USM with sycl::half support

oneAPI Math Kernel Library (oneMKL) Interfaces

oneMKL Interfaces is an open-source implementation of the oneMKL Data Parallel C++ (DPC++) interface according to the oneMKL specification. It works with multiple devices (backends) using device-specific libraries underneath.

oneMKL is part of the UXL Foundation.

User Application	oneMKL Layer	Third-Party Library	Hardware Backend
oneMKL interface	oneMKL selector	Intel(R) oneAPI Math Kernel Library (oneMKL)	x86 CPU, Intel GPU
		NVIDIA cuBLAS	NVIDIA GPU
		NVIDIA cuSOLVER	NVIDIA GPU
		NVIDIA cuRAND	NVIDIA GPU
		NVIDIA cuFFT	NVIDIA GPU
		NETLIB LAPACK	x86 CPU
		AMD rocBLAS	AMD GPU
		AMD rocSOLVER	AMD GPU
		AMD rocRAND	AMD GPU
		AMD rocFFT	AMD GPU
		portBLAS	x86 CPU, Intel GPU, NVIDIA GPU, AMD GPU
		portFFT	x86 CPU, Intel GPU, NVIDIA GPU, AMD GPU

Support and Requirements

Supported Usage Models:

Host API

There are two oneMKL selector layer implementations:

Run-time dispatching: The application is linked with the oneMKL library and the required backend is loaded at run-time based on device vendor (all libraries should be dynamic).

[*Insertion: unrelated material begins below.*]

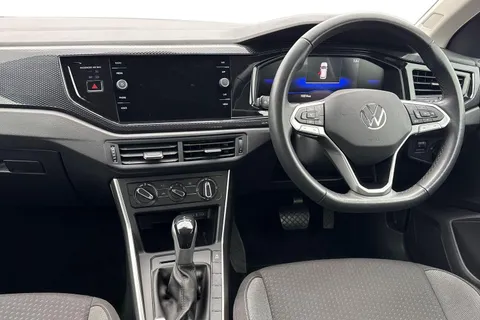 GJ25SVZ Volkswagen Polo 1.0 TSI Life 5dr DSG Thumbnail #19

Example of app.cpp with run-time dispatching:

#include "oneapi/mkl.hpp"

...
cpu_dev = sycl::device(sycl::cpu_selector());
gpu_dev = sycl::device(sycl::gpu_selector());

sycl::queue cpu_queue(cpu_dev);
sycl::queue gpu_queue(gpu_dev);

oneapi::mkl::blas::column_major::gemm(cpu_queue, transA, transB, m, ...);
oneapi::mkl::blas::column_major::gemm(gpu_queue, transA, transB, m, ...);

How to build an application with run-time dispatching:

if OS is Linux, use icpx compiler. If OS is Windows, use icx compiler. Linux example:

$> icpx -fsycl –I$ONEMKL/include app.cpp
$> icpx -fsycl app.o –L$ONEMKL/lib –lonemkl

Compile-time dispatching: The application uses a templated backend selector API where the template parameters specify the required backends and third-party libraries and the application is linked with the required oneMKL backend wrapper libraries (libraries can be static or dynamic).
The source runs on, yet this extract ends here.